To export logs to Google Cloud Logging, use the `WithOtelToCloud` option:

```go
package main

import (
    "context"
    "google.golang.org/adk/v2/telemetry"
)

func main() {
    ctx := context.Background()
    tp, err := telemetry.New(ctx,
        telemetry.WithOtelToCloud(true),
    )
    if err != nil {
        // handle error
    }
    defer tp.Shutdown(ctx)
    tp.SetGlobalOtelProviders()
}
```

If using the Go launcher, you can also enable GCP export via the CLI flag:

```bash
go run main.go web -otel_to_cloud
```

General events (like server startup or HTTP requests) are logged using the standard Go `log` package. These logs are written to `stderr` by default.

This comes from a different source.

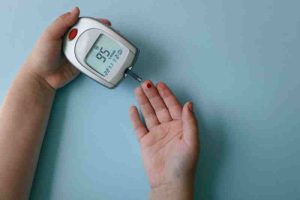 A diabetic man checking glucose level, illustrating the link between diabetes and depression.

## Understanding log output

### Sample Python log entry

```text
2025-07-08 11:22:33,456 - DEBUG - google_adk.models.google_llm - LLM Request: contents { ... }
```

| Log Segment                     | Format Specifier | Meaning                                        |
| ------------------------------- | ---------------- | ---------------------------------------------- |
| `2025-07-08 11:22:33,456`       | `%(asctime)s`    | Timestamp                                      |
| `DEBUG`                         | `%(levelname)s`  | Severity level                                 |
| `google_adk.models.google_llm`  | `%(name)s`       | Logger name (the module that produced the log) |
| `LLM Request: contents { ... }` | `%(message)s`    | The actual log message                         |

By reading the logger name, you can immediately pinpoint the source of the log and understand its context within the agent's architecture.

### Debugging example

After enabling `DEBUG` logging (see [Logging level](#logging-level) above), run your agent and look for messages from the `google.adk.models.google_llm` logger. The output shows the full LLM request and response:

```text
2025-07-10 15:26:13,778 - DEBUG - google_adk.google.adk.models.google_llm -
LLM Request:
-----------------------------------------------------------
System Instruction:
      You roll dice and answer questions about the outcome of the dice rolls.
      ...
-----------------------------------------------------------
Contents:
{"parts":[{"text":"Roll a 6 sided dice"}],"role":"user"}
{"parts":[{"function_call":{"args":{"sides":6},"name":"roll_die"}}],"role":"model"}
{"parts":[{"function_response":{"name":"roll_die","response":{"result":2}}}],"role":"user"}
-----------------------------------------------------------
Functions:
roll_die: {'sides': {'type': <Type.INTEGER: 'INTEGER'>}}
check_prime: {'nums': {'items': {'type': <Type.INTEGER: 'INTEGER'>}, 'type': <Type.ARRAY: 'ARRAY'>}}
-----------------------------------------------------------
2025-07-10 15:26:14,309 - INFO - google_adk.google.adk.models.google_llm -
LLM Response:
-----------------------------------------------------------
Text:
I have rolled a 6 sided die, and the result is 2.
...
```

From this output you can verify:

- Is the system instruction correct?
- Is the conversation history (`user` and `model` turns) accurate?
- Are the correct tools being provided to the model?
- Are the tools correctly called by the model?
- How long it takes for the model to respond?